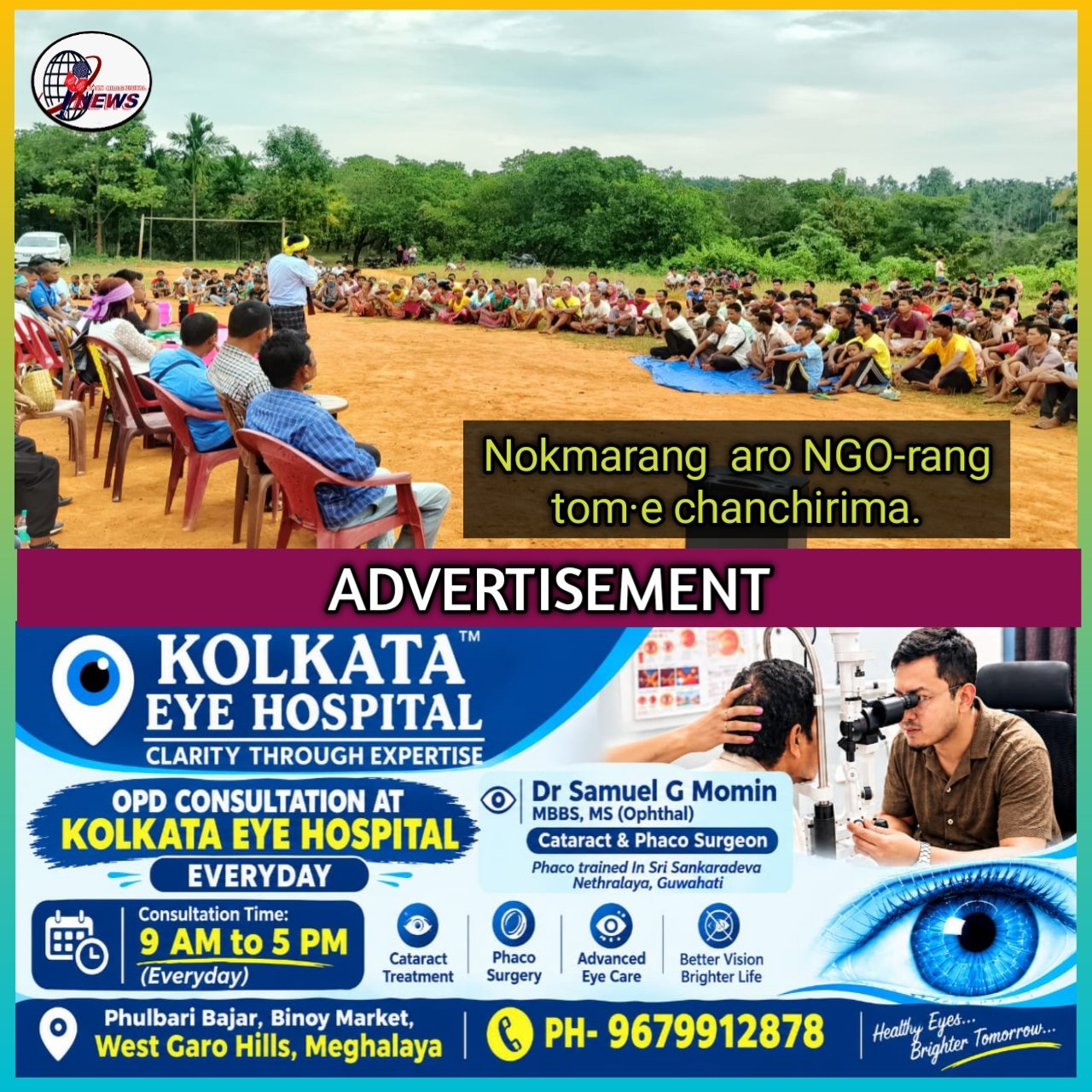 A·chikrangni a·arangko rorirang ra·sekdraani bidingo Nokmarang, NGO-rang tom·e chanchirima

···

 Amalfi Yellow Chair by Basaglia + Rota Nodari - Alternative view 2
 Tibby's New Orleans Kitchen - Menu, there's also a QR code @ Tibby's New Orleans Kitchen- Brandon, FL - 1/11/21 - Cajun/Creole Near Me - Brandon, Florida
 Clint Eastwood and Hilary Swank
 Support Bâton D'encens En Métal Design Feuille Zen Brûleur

···

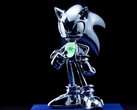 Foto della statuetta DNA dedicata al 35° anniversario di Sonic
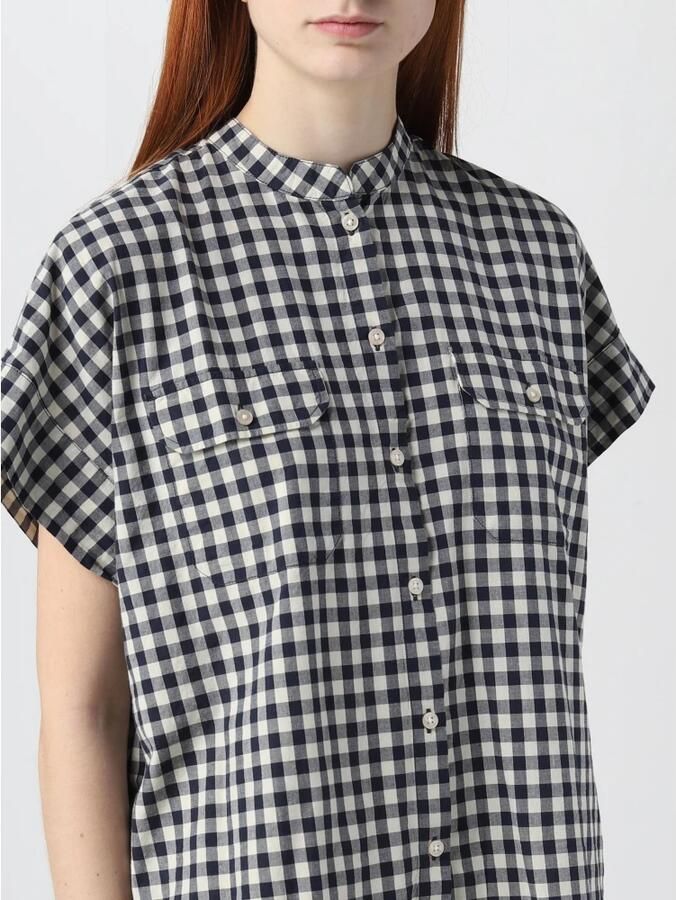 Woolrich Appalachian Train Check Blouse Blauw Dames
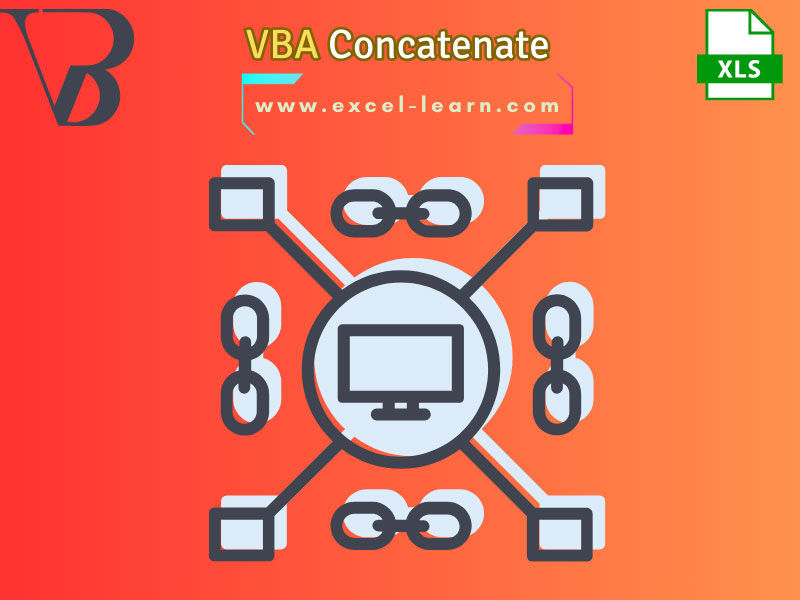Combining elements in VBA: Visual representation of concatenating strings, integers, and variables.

···

## REQUIRED ACTION
Only the lines above from the one with "Clint Eastwood and Hilary Swank" through the one with "Support Bâton D'encens" should be duplicated, character for character.

## SOLUTION FOR THIS TASK
 Clint Eastwood and Hilary Swank
 Support Bâton D'encens En Métal Design Feuille Zen Brûleur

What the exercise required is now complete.